On Tue, 2006-09-05 at 11:07 -0400, Peter Tanski wrote:
> On Sep 4, 2006, at 6:50 AM, skaller wrote:

> > BTW: also note this won't work in Felix at present,
> > because flxPty tried to start work before tanski woke up :)
> 
> I had to read this several times and force myself to believe you are  
> serious. 

Executable code is executed in order of writing.
Variable declarations:

var x = 1;

are also executable. This is not a 'definition' of a synonym
for '1', it is an assignment:

        var x: int;
        x = 1; // assignment


>  This isn't remotely functional-program behavior. 
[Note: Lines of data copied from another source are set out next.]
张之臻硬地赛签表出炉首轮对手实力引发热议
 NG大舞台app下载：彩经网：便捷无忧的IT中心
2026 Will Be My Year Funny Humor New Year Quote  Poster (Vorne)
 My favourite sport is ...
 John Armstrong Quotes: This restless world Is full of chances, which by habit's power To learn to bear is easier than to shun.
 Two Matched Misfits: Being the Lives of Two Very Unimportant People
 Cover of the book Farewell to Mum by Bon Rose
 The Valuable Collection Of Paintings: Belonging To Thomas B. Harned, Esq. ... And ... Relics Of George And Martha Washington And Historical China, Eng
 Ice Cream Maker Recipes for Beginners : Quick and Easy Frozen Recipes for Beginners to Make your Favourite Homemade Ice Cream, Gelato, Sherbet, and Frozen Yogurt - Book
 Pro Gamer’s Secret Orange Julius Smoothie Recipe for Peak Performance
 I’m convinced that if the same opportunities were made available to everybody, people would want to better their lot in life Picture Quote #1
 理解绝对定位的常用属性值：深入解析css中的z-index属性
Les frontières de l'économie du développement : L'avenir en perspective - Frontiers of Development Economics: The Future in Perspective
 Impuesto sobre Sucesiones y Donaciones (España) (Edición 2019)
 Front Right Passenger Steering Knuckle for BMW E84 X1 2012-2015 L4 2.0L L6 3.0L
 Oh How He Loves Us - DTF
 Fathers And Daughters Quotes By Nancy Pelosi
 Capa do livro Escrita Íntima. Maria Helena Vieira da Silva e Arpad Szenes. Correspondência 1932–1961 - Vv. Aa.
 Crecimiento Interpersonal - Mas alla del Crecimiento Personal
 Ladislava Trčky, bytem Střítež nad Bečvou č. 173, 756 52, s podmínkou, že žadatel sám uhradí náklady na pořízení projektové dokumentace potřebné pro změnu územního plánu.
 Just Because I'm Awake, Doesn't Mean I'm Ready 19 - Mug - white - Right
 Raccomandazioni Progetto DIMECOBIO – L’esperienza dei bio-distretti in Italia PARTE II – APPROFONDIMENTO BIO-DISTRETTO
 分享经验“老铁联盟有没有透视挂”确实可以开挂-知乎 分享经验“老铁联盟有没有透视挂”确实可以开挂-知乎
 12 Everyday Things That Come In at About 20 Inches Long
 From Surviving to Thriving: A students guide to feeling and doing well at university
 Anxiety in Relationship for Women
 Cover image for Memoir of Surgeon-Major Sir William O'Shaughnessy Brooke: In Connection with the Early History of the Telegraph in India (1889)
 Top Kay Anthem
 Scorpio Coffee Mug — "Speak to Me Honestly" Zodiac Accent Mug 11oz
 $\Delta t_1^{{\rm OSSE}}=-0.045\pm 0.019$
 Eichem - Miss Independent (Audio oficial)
Felix is a procedural/imperative language with
a functional subsystem.

Note that 'val' is different:

        val x = 1;

is more 'functional'. however at present, vals are
NOT reordered based on dependencies, instead they're
reordered based on what the optimiser thinks will
improve performance without breaking the sequential
semantics.

> > Generally, expressions are eagerly evaluated, statements
> > are executed in order of writing, and finally variant
> > constructors always make a heap copy of their argument:
> > so you'd be copying an uninitialised variable.
> 
> This is not in the documentation 

I know. Felix actually has 'indeterminate' evaluation order.
Sometimes it is eager and sometimes lazy. It depends on the
construct. At least this is the present scenario; in some
cases it isn't clearly defined. When you write a var:

var x = ...

it is sure to be assigned the RHS eagerly. If you write

val x = ...

it is up to the compiler to choose when to evaluate the RHS.
If you want lazy, you can now write:

fun x = ...

and the RHS is guaranteed to be lazily evaluated (it is 
implemented with a closure which is invoked on each use).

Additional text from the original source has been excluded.